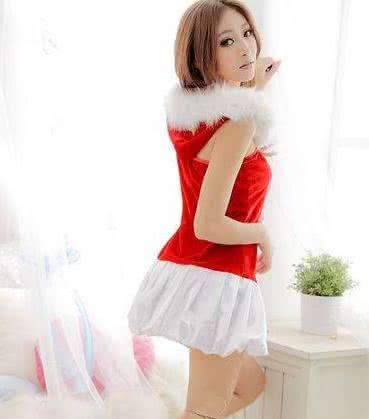 short sleeve dress Christmas costume for girls party uniform strapless sundress
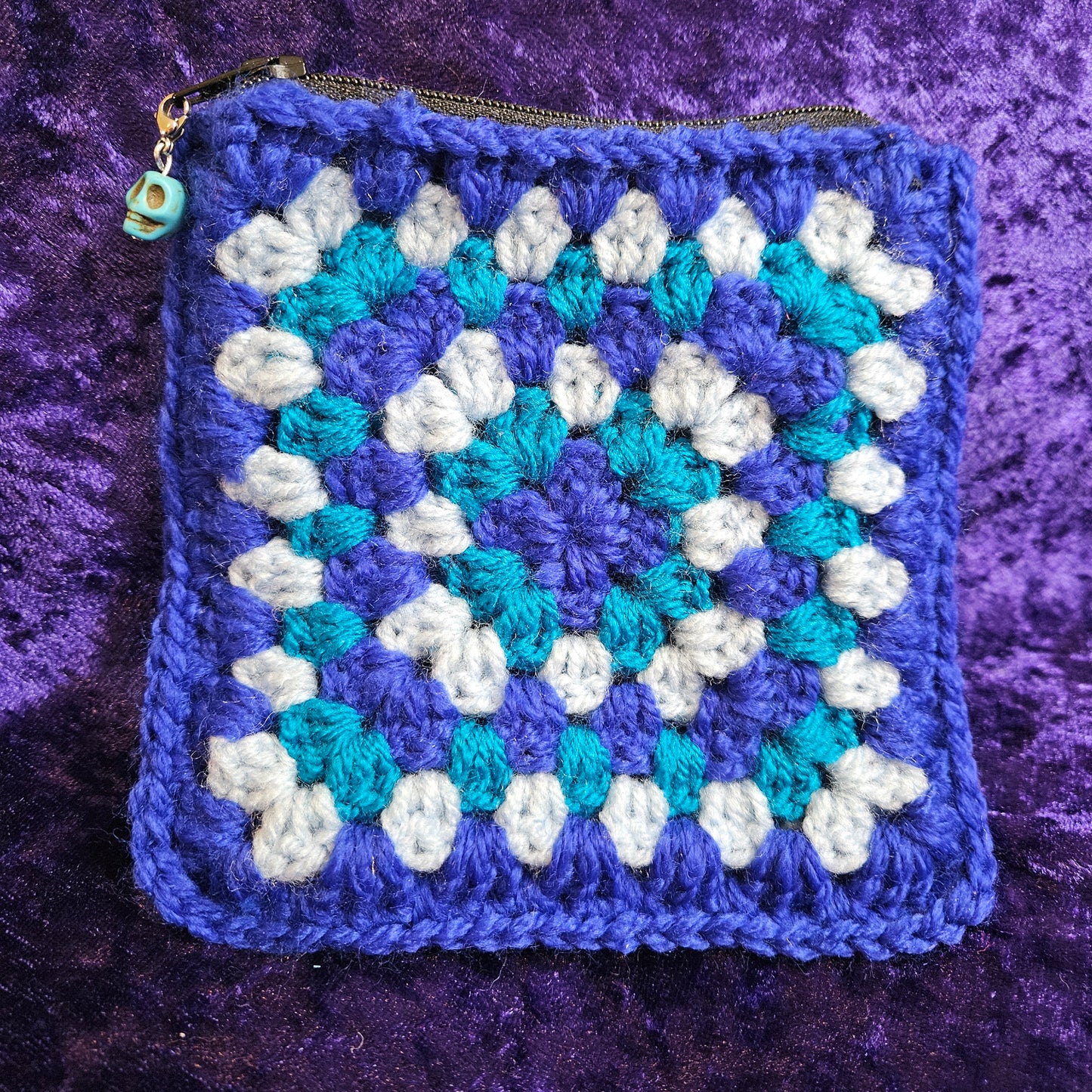 Handmade monotone crochet dice pouch with charm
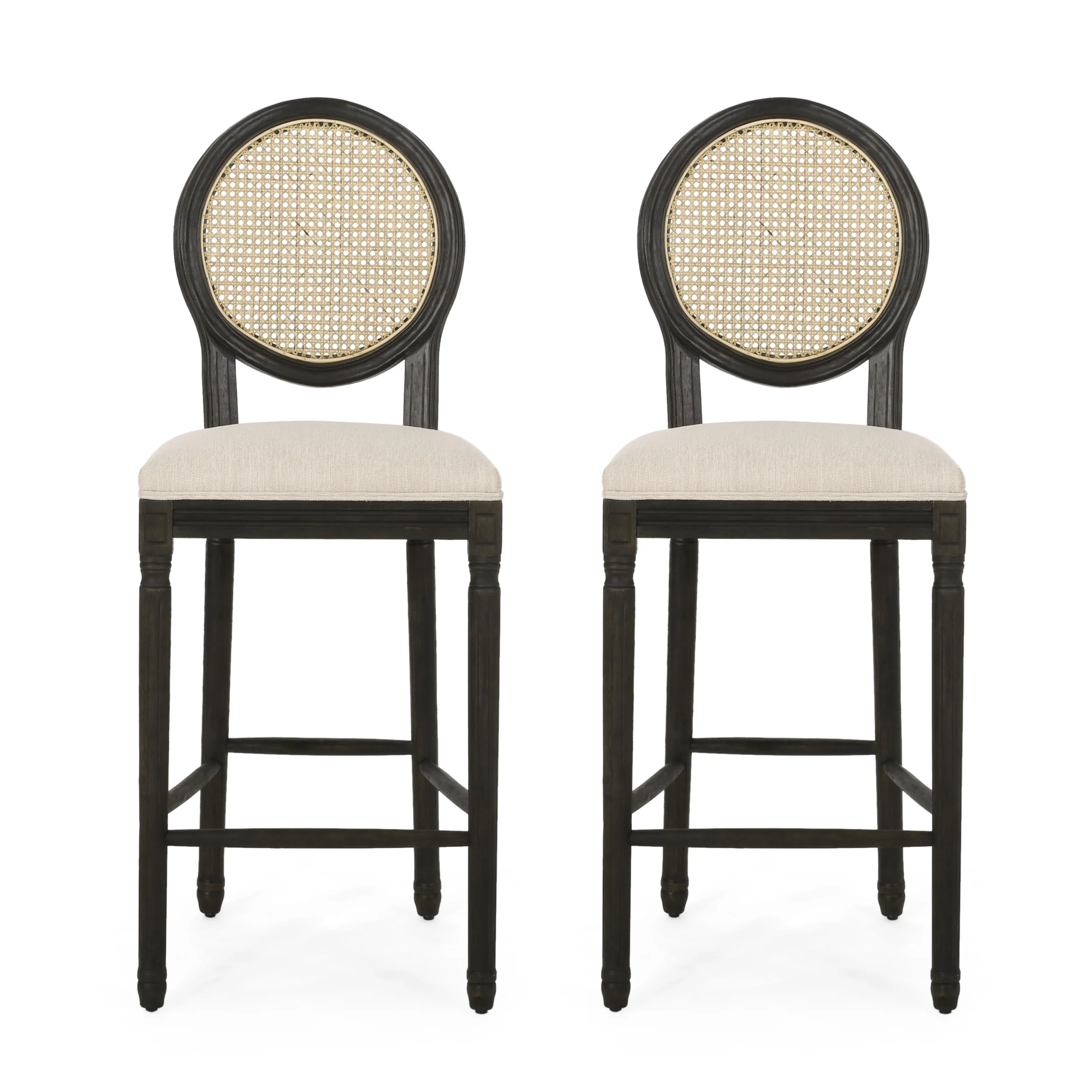Towner French Country Wooden Barstools with Upholstered Seating (Set of 2) - furnishings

EXERCISE INSTRUCTIONS: Send back the data above word for word, with the pictures left out.

ANSWER BELOW:
 short sleeve dress Christmas costume for girls party uniform strapless sundress
 Handmade monotone crochet dice pouch with charm
Towner French Country Wooden Barstools with Upholstered Seating (Set of 2) - furnishings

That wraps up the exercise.